Matthew Hughes

Personal information
- Full name: Matthew Stephen Turner Hughes
- Born: 17 April 1996 (age 30) Manchester, England
- Batting: Right-handed

Domestic team information
- 2015–2018: Oxford University
- First-class debut: 30 June 2015 Oxford University v Cambridge University

Career statistics
| Competition | First-class |
| Matches | 4 |
| Runs scored | 406 |
| Batting average | 50.75 |
| 100s/50s | 2/1 |
| Top score | 116 |
| Balls bowled | 186 |
| Wickets | 2 |
| Bowling average | 47.00 |
| 5 wickets in innings | 0 |
| 10 wickets in match | 0 |
| Best bowling | 1/16 |
| Catches/stumpings | 2/– |
- Source: Cricinfo, 24 November 2020

= Matthew Hughes (cricketer) =

English cricketer (born 1996)

Matthew Stephen Turner Hughes (born 17 April 1996) is an English cricketer and schoolteacher.

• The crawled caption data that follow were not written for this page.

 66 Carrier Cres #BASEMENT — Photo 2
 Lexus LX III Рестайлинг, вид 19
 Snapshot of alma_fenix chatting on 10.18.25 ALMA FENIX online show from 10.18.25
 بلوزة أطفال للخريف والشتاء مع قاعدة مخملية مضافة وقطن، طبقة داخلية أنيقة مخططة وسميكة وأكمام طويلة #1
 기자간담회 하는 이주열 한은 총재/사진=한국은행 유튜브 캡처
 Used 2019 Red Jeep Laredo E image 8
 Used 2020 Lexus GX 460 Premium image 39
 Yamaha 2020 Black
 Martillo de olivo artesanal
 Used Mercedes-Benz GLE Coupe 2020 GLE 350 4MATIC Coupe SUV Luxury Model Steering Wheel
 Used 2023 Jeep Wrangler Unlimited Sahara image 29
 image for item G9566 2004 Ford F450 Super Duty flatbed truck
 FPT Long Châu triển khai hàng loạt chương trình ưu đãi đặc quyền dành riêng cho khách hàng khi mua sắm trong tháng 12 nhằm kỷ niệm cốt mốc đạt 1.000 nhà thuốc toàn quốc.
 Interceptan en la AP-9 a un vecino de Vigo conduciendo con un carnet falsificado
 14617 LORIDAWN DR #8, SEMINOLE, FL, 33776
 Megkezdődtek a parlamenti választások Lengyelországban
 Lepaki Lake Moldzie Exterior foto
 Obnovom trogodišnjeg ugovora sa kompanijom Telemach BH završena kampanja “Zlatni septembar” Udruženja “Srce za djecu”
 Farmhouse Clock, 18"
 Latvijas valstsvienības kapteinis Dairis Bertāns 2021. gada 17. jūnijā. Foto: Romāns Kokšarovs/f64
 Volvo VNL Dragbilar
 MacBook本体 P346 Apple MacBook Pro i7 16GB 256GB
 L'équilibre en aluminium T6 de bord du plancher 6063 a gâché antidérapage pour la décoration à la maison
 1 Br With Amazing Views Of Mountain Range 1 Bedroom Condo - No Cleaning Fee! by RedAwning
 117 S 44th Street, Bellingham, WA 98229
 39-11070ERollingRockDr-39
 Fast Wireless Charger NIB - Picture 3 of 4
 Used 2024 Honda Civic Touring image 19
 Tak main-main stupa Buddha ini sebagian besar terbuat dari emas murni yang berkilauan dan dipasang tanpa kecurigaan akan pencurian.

Playing for Oxford University, he scored a century in each of his first two first-class matches in 2015 and 2016. He now teaches chemistry at Merchant Taylors' School, Northwood, and coaches cricket.

==Cricket career==
Matthew Hughes attended Stockport Grammar School before going up to Hertford College, Oxford. On his first-class debut, in the annual match against Cambridge University in 2015, he opened the batting for Oxford University and top-scored in each innings, making 41 and 116 in a losing cause. In his next first-class match, the 2016 university match, he made 116 (the top score) and 76 batting at number three, and Oxford won. He also scored 132 not out in the 2018 50-over university match at Lord's to take Oxford to a five-wicket victory with 10 overs to spare.

Since 2018 Hughes has taught chemistry at Merchant Taylors' School, Northwood.